Datafable / epu-index

EPU index
http://www.applieddatamining.com/cms/?q=content/economic-policy-uncertainty-index
1 stars 0 forks source link

Endpoint for highest ranking article for a day #46

Closed peterdesmet closed 9 years ago

peterdesmet commented 9 years ago

Create an endpoint to retrieve the highest ranking article for a day. This will power the functionality described in #16. This functionality cannot be provided by the endpoint described in #25 which - if build - returns article information that is considered private and thus requires authentication.

If no (highest ranking) article is available for a certain day, an empty object should be returned (@bartaelterman: or what is the consensus here?)

URL

I propose: https://epu-index.herokuapp.com/api/highest-ranking-article

Options

format=json
date=yyyy-mm-dd (required)

Returns

{
    "article_title": "Pluto en zijn grootste maan Charon zoals je ze nog nooit zag",
    "article_url": "http://www.demorgen.be/wetenschap/pluto-en-zijn-grootste-maan-charon-zoals-je-ze-nog-nooit-zag-a2390841/",
    "article_newspaper": "De morgen"
}

date, epu and score could optionally be returned as well.

peterdesmet commented 9 years ago

@bartaelterman, please review.

peterdesmet commented 9 years ago

Updated return fields to use underscores to be more consistent with #45

bartaelterman commented 9 years ago

date seems redundant to return. epu and score actually mean the same thing. Still needs to be added to the model though. It is possible that we don't have the score for articles published before 2013 (see #52)

peterdesmet commented 9 years ago
  1. Do articles have scores? I thought they were ranked as positive/negative
  2. How far back in time are we able to show the highest ranking article?
bartaelterman commented 9 years ago
  1. Yes, articles have individual scores ranging from minus infinity to infinity. If the score is > 0, the article is positive, otherwise it is negative.
  2. I have a file with articles from march 1994 until december 17, 2013. These articles where scraped and scored with the previous version of the software, and apparently, the individual score for the articles was not saved (or at least, I don't have it). Note that this list contains only positive articles. I know that because for instance on January 8, 2000, the epu index was 0.5 (meaning 1 positive article out of 2 journals scraped). If I look at the articles I got, I indeed find only one article that day.
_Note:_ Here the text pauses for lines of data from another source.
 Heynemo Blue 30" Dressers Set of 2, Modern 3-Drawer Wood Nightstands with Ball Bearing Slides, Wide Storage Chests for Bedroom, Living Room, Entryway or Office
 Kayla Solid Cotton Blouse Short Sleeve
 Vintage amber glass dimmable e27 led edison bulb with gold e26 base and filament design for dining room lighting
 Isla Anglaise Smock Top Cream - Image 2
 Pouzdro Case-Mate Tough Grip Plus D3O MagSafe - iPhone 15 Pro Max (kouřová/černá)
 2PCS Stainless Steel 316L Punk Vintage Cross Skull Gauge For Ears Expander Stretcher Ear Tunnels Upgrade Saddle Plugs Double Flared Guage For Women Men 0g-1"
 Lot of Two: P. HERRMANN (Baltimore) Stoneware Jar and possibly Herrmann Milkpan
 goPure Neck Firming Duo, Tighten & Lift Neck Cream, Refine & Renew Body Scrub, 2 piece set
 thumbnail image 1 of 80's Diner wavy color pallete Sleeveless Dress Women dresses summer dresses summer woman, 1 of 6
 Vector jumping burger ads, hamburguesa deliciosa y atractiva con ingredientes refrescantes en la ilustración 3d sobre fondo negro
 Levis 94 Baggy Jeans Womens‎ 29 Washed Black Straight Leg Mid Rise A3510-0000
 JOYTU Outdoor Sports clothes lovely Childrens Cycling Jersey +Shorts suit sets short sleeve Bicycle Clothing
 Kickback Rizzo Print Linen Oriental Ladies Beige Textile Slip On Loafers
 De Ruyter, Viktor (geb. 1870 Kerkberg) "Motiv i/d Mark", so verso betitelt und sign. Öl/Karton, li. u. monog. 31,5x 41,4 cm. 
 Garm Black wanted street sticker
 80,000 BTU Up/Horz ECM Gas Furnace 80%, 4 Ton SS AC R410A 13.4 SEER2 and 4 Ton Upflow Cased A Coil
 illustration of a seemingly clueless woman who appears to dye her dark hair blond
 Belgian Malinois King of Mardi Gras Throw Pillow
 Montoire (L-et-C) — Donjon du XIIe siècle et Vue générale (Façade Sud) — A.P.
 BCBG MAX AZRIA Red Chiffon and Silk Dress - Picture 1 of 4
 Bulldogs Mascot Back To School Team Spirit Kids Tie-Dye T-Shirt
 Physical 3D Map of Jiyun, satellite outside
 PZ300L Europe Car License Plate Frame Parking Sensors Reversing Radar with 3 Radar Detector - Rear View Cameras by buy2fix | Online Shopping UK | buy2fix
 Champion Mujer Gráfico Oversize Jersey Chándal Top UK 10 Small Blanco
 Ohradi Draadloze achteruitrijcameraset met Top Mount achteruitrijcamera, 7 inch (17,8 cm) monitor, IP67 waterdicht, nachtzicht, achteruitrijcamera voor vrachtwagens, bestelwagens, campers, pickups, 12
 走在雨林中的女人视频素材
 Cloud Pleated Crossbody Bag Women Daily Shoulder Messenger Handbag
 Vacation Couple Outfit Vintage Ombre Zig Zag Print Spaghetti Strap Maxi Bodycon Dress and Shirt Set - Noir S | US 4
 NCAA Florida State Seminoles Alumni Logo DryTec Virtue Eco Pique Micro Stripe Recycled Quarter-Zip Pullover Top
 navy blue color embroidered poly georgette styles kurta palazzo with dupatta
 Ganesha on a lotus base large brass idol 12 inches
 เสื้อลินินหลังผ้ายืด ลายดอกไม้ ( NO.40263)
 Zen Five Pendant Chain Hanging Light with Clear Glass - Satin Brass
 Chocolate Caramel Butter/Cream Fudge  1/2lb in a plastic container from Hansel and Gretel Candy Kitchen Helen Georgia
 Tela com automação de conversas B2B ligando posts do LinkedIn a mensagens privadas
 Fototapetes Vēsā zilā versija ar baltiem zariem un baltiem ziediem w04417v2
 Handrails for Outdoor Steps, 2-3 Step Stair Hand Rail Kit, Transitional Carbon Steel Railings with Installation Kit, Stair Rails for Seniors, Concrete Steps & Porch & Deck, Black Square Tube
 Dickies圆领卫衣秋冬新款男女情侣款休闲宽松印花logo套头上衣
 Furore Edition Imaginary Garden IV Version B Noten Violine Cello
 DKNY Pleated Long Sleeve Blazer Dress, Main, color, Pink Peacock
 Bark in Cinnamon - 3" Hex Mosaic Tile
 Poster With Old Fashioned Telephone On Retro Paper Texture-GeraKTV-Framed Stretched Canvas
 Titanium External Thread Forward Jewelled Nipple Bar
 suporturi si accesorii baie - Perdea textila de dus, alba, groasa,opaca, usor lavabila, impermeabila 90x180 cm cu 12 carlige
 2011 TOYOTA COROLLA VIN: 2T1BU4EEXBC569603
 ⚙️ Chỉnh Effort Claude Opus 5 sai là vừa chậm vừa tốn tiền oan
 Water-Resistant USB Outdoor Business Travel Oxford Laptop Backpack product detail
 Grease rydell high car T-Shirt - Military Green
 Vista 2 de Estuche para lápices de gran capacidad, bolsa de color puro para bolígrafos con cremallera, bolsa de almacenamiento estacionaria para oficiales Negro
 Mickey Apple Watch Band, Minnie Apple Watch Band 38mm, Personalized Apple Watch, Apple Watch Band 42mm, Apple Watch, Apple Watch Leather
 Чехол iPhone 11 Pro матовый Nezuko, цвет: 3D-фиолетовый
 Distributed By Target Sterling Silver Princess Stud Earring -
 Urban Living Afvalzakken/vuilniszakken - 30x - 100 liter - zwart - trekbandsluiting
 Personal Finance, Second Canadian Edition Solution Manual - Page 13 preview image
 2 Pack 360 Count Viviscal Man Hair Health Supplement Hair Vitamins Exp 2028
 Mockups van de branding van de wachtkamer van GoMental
I repeated this for a couple of other days and it seems to fit.

We will start scraping articles from december 17 2013 onwards.

We could score the old articles because we'll implement the scoring model anyway (see #51 ) but I am personally a bit wary about that (what happens if we come up with different results? We could spend a lot of time figuring out what went wrong). I marked #52 as a question, so I'll ask the user about this.

niconoe commented 9 years ago

Implemented ! Please test and report error or close the issue!

bartaelterman commented 9 years ago

Only one remark:

If I add two articles, one with epu score 18 and one with no epu score (so null) both published on the same day. Then when I request the highest article for that day, I get the one with the empty score. That should be the other one.

niconoe commented 9 years ago

Sorry, that was clearly a bug. This is now fixed, by considering EPU=Null as EPU=0.

Does that seems correct? Or should EPU=Null values totally excluded by this endpoint?

bartaelterman commented 9 years ago

This is fine.